Task prompt
Apart from the pictures, which must be omitted, restate the data exactly.

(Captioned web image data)
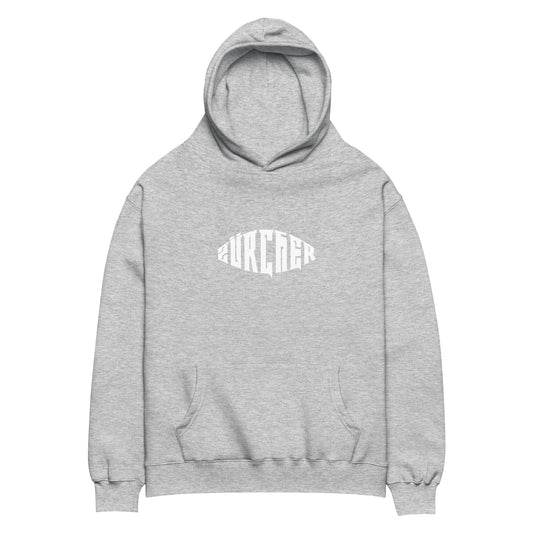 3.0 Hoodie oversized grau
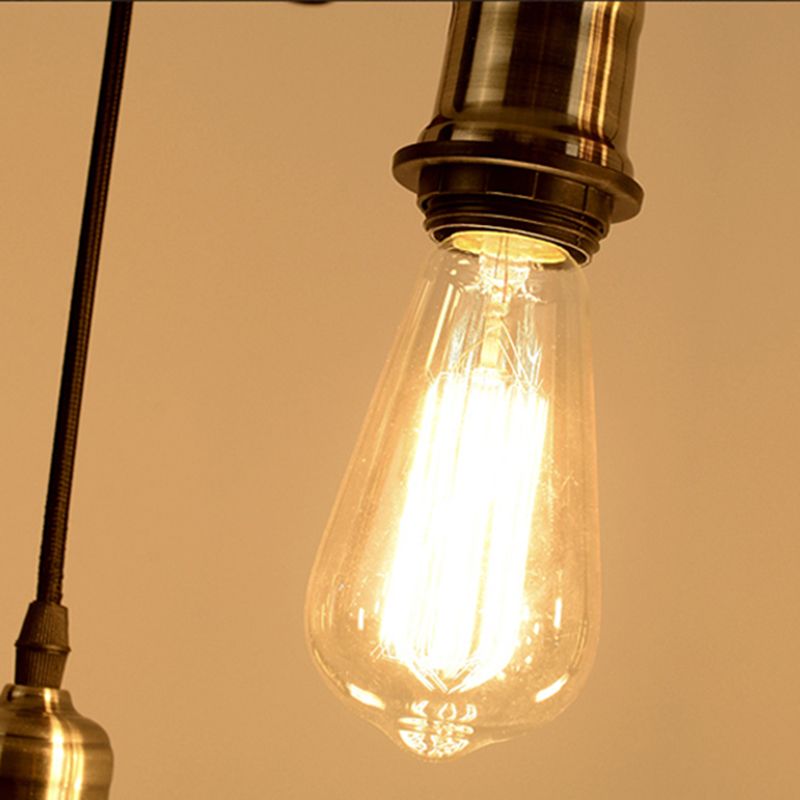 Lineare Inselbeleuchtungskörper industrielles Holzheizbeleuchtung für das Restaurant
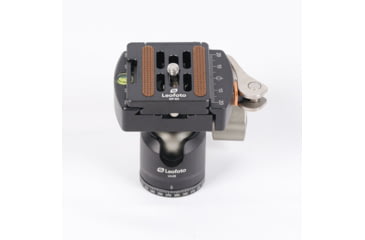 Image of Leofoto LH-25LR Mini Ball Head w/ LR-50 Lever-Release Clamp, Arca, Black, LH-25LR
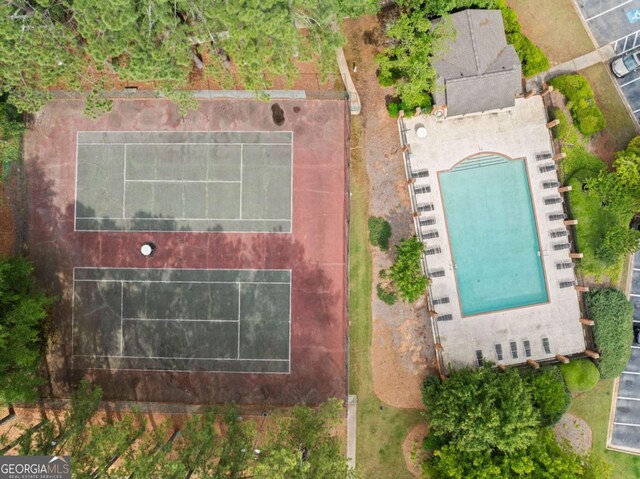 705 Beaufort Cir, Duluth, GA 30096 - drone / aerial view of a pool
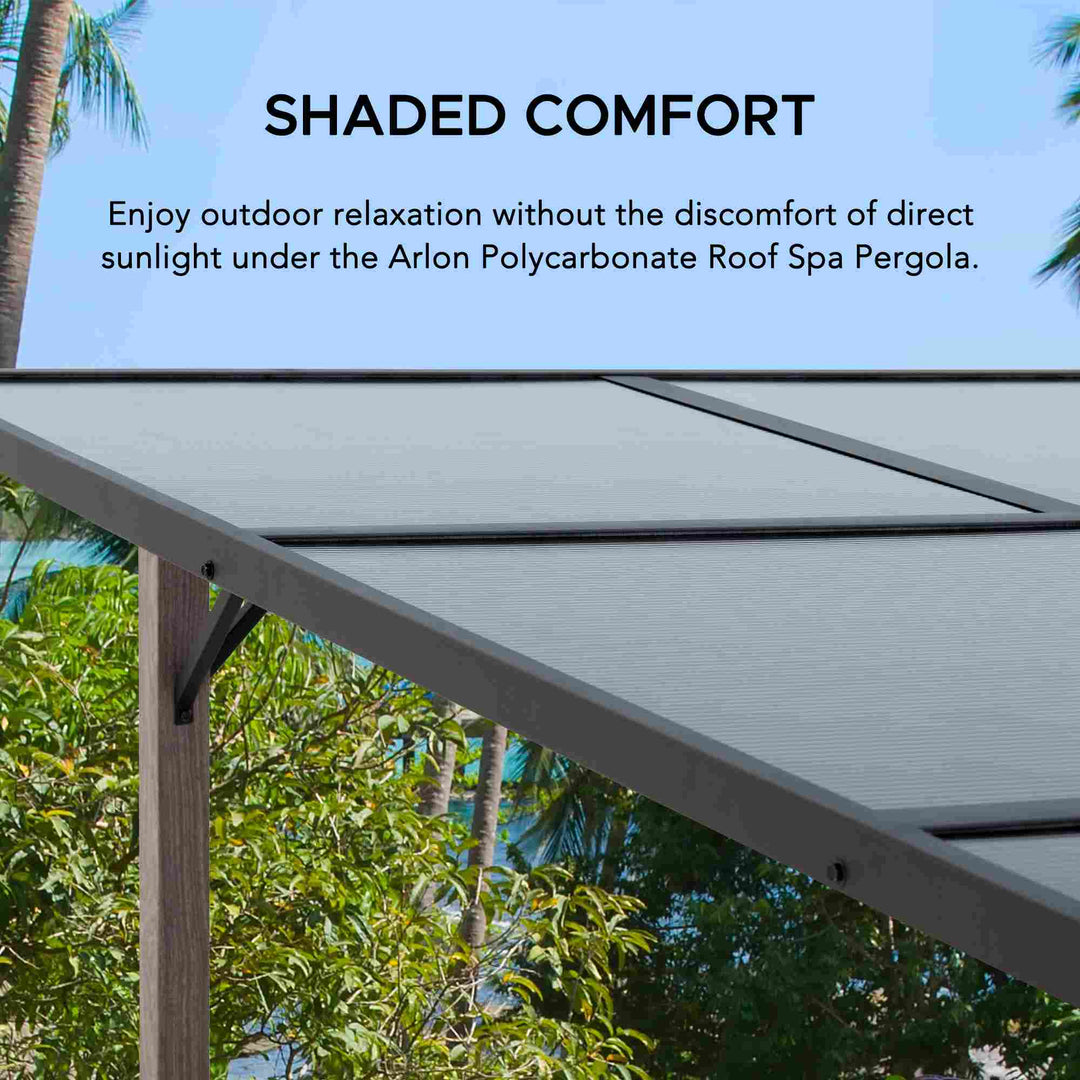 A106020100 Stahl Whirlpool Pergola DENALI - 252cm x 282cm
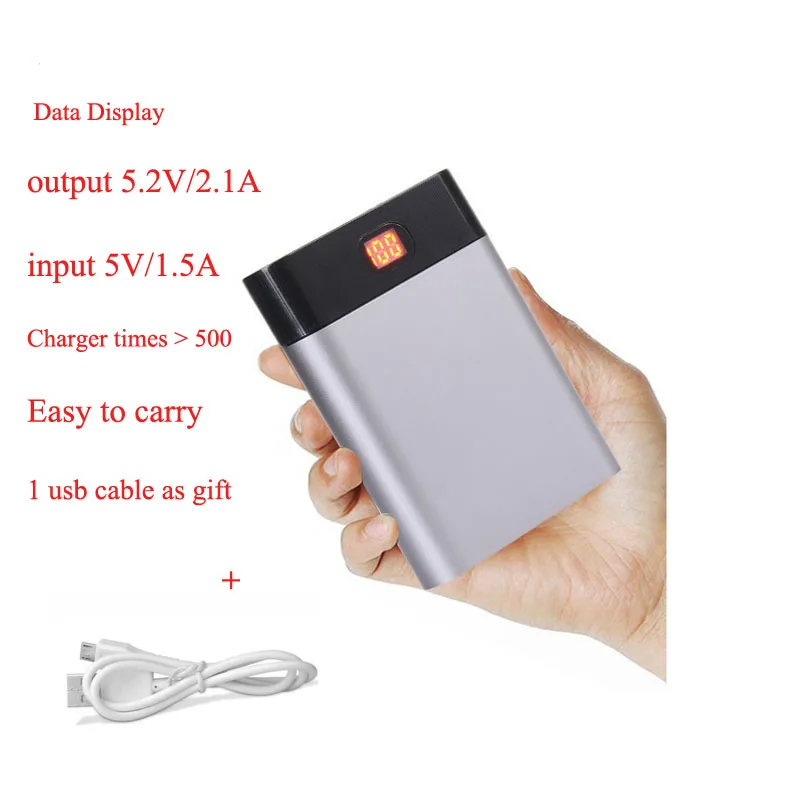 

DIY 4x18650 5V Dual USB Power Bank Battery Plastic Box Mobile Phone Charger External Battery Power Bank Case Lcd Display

Solved problem
 3.0 Hoodie oversized grau
 Lineare Inselbeleuchtungskörper industrielles Holzheizbeleuchtung für das Restaurant
 Image of Leofoto LH-25LR Mini Ball Head w/ LR-50 Lever-Release Clamp, Arca, Black, LH-25LR
 705 Beaufort Cir, Duluth, GA 30096 - drone / aerial view of a pool
 A106020100 Stahl Whirlpool Pergola DENALI - 252cm x 282cm

DIY 4x18650 5V Dual USB Power Bank Battery Plastic Box Mobile Phone Charger External Battery Power Bank Case Lcd Display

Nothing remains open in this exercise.